| City
of Anacortes Impounds Guemes Vehicle
On May
12th at 2:00 pm , my wife, Libby Garcia was returning from work in our
truck. As she pulled in to the street parking on 6th street, bordering
Lion’s Park, she noticed that the parking on 6th street had been
marked with a yellow line. She pulled ahead and parked on the side of
the street, just west of the opening to the park parking lot.

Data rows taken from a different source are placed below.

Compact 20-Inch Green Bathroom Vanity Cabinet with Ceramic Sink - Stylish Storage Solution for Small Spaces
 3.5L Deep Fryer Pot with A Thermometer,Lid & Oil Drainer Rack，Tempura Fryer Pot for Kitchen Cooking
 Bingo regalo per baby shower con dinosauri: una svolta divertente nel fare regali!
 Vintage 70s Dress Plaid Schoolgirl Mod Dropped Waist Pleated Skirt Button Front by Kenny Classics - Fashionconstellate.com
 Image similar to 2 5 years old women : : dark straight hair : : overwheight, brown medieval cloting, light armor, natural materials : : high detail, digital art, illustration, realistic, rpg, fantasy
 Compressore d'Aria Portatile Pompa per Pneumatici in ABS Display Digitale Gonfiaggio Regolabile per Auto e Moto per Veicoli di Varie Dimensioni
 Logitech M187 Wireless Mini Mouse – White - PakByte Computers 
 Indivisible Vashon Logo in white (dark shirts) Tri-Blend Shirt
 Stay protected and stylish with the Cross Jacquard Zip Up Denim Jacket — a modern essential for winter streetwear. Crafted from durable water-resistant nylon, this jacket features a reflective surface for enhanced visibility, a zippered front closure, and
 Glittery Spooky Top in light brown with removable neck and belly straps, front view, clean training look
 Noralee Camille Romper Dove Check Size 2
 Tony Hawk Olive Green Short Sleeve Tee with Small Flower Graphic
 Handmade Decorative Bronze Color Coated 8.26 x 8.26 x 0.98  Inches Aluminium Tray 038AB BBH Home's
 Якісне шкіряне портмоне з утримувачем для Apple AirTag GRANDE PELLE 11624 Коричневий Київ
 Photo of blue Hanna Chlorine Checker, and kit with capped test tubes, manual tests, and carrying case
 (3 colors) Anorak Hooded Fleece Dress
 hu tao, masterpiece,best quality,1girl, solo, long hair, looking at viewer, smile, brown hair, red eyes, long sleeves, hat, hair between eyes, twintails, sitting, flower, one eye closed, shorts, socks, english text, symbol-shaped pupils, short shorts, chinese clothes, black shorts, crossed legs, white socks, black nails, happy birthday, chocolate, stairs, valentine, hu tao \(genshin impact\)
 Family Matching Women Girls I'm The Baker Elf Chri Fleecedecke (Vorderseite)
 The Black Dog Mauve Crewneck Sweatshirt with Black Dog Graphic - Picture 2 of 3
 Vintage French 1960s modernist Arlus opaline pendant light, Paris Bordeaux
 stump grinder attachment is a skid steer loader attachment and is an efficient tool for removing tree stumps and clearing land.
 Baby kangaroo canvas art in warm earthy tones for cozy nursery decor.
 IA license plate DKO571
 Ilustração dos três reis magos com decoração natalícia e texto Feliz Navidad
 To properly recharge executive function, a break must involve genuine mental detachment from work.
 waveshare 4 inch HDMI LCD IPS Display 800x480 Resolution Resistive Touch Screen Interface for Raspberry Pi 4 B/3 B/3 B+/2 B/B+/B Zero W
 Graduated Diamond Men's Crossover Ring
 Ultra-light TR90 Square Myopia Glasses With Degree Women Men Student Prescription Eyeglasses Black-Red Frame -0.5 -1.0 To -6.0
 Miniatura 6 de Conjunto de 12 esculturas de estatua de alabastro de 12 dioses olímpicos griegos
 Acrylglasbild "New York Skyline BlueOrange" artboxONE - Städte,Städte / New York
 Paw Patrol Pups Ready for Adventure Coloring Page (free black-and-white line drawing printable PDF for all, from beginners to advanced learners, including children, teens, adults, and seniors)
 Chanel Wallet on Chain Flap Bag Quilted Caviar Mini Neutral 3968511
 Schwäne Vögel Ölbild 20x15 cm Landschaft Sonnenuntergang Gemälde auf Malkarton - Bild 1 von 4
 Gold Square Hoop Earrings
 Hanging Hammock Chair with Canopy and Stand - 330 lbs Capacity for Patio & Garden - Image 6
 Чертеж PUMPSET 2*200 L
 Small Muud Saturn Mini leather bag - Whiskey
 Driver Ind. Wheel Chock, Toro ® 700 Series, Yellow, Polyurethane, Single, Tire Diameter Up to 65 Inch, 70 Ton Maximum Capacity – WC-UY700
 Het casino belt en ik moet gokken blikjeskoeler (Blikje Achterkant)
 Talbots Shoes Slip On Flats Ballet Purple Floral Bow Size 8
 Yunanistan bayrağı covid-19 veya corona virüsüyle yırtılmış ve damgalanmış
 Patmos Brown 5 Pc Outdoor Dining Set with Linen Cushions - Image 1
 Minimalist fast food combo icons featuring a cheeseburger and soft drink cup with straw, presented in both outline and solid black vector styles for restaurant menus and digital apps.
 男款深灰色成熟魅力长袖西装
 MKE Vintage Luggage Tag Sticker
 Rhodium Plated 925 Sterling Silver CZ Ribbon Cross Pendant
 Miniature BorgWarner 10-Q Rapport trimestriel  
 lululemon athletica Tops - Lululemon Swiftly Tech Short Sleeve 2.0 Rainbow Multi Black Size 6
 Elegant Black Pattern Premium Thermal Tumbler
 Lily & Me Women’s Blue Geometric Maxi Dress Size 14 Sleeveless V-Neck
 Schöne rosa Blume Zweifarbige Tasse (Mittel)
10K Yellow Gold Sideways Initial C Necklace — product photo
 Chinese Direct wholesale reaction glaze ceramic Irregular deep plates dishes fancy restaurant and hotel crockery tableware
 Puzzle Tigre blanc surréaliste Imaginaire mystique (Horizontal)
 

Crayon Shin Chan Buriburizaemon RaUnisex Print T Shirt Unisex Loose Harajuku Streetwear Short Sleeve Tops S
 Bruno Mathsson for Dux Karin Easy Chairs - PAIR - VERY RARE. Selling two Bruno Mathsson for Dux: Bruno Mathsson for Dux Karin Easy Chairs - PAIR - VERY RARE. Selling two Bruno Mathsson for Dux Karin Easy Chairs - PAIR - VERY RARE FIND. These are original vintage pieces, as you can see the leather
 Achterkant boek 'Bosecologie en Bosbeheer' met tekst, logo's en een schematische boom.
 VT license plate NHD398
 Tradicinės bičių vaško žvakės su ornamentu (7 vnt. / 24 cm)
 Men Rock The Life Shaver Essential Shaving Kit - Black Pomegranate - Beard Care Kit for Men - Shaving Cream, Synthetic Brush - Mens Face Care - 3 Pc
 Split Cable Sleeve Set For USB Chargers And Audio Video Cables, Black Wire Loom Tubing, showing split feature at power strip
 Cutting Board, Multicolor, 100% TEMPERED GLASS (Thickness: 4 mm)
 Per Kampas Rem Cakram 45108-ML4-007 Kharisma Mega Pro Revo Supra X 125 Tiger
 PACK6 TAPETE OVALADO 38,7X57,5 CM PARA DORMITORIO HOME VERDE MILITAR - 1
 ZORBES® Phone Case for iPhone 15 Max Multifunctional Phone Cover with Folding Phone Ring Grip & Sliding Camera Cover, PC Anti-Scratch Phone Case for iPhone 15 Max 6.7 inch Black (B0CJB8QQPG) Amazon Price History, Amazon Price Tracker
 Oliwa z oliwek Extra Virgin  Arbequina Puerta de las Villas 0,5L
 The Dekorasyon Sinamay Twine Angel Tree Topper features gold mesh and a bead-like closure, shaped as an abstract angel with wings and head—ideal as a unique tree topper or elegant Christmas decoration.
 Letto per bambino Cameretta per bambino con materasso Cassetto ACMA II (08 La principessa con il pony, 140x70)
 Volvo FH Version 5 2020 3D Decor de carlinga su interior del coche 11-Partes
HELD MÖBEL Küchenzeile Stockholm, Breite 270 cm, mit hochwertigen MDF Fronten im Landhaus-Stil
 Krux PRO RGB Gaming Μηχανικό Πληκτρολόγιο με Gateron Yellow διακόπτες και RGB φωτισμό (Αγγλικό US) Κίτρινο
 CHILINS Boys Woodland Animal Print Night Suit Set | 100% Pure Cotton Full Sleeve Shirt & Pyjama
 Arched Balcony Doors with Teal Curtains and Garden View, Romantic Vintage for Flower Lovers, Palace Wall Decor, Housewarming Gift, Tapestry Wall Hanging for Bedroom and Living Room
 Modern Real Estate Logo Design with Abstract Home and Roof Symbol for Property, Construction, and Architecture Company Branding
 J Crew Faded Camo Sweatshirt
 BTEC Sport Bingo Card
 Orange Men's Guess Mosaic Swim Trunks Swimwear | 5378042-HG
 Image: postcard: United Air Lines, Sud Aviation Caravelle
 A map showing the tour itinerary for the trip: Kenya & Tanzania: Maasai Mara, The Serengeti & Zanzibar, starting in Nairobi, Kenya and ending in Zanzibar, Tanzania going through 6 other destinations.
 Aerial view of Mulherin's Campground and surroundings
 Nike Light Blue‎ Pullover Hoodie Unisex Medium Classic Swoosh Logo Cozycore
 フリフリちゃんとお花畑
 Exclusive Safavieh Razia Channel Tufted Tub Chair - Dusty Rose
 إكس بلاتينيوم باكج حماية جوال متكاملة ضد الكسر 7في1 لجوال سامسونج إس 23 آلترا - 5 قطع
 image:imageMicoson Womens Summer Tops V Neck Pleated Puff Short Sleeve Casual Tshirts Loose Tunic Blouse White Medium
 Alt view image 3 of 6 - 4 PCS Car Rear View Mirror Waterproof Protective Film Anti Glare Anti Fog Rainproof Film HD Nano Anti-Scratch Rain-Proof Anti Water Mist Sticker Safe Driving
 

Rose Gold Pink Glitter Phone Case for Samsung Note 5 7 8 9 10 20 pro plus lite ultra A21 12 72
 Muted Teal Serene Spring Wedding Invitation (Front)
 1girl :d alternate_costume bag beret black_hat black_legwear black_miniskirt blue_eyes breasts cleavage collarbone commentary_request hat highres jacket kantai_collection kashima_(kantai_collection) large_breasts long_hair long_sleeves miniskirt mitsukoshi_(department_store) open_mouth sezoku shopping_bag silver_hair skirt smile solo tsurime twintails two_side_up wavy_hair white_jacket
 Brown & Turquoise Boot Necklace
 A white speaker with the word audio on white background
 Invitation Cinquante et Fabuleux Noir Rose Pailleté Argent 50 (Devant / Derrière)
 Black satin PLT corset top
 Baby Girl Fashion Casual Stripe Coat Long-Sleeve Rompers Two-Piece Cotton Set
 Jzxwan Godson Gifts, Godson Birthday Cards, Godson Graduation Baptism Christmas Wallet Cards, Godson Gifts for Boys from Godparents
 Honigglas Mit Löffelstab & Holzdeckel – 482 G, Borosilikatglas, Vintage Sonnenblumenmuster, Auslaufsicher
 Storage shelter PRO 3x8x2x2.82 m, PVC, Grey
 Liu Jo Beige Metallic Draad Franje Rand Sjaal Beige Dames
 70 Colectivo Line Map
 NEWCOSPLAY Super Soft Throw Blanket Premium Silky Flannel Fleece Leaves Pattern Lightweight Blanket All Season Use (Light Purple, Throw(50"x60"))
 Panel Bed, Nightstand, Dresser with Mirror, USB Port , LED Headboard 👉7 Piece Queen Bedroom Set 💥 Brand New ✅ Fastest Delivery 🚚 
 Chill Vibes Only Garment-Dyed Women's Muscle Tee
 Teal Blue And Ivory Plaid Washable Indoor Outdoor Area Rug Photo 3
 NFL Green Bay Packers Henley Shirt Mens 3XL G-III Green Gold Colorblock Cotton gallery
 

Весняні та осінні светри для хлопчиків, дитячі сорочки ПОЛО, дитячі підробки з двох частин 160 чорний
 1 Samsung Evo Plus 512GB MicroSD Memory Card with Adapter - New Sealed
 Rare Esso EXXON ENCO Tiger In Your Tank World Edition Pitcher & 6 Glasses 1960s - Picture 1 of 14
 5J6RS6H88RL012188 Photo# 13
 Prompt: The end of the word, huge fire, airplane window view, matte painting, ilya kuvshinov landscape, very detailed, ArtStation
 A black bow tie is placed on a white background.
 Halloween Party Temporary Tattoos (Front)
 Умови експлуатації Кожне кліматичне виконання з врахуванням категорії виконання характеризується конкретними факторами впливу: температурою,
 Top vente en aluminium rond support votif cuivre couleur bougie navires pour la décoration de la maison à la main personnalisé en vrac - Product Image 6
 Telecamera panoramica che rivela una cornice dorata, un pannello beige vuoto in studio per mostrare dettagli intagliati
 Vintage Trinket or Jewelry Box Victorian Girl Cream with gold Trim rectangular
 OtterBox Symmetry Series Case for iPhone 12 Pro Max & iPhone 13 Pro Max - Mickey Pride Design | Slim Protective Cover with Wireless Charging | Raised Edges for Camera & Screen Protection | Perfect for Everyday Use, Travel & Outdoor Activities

At 9:00 am, on May 13th, the car was ticketed for parking in the street
and immediately impounded.
There
is no signage designating it as a no parking zone, nor is there a yellow
line.
Directly
across the street, new signage has been installed designating this area
as a no parking zone. The impound was $132 and the parking ticket was
$38.
This
area has historically been used as Guemes Parking particularly on 3-day
and holiday weekends in the summer. It is “packed” during
ferry haul outs and no car has ever been ticketed. My own vehicle had
spent at least 5 consecutive days parked in precisely this spot this spring,
without incident.
Why can’t
the City of Anacortes and Skagit County communicate for the good of the
People?
The story
of Guemes Ferry parking on the Anacortes side has been a study in how
two government entities can work at odds with each other to the detriment
of their people.
On May
12th, despite the fact that the county is working on developing ferry
parking, the City of Anacortes decides to close street parking on 6th
street in front of Lion’s Park. This was done at precisely the time
when the new parking that is being developed by the county is barricaded
with cyclone fence, rendering it unusable.
This
lack of communication, cooperation and neighborly courtesy came to a head
during the last ferry haul out. For those of you unfamiliar with the situation,
when the ferry is out for maintenance, the residents of Guemes need to
park their cars over on the Anacortes side since only a passenger launch
operates. It was at this exact time last year that the city barricaded
half of the parking nearest the ferry to begin construction of the park.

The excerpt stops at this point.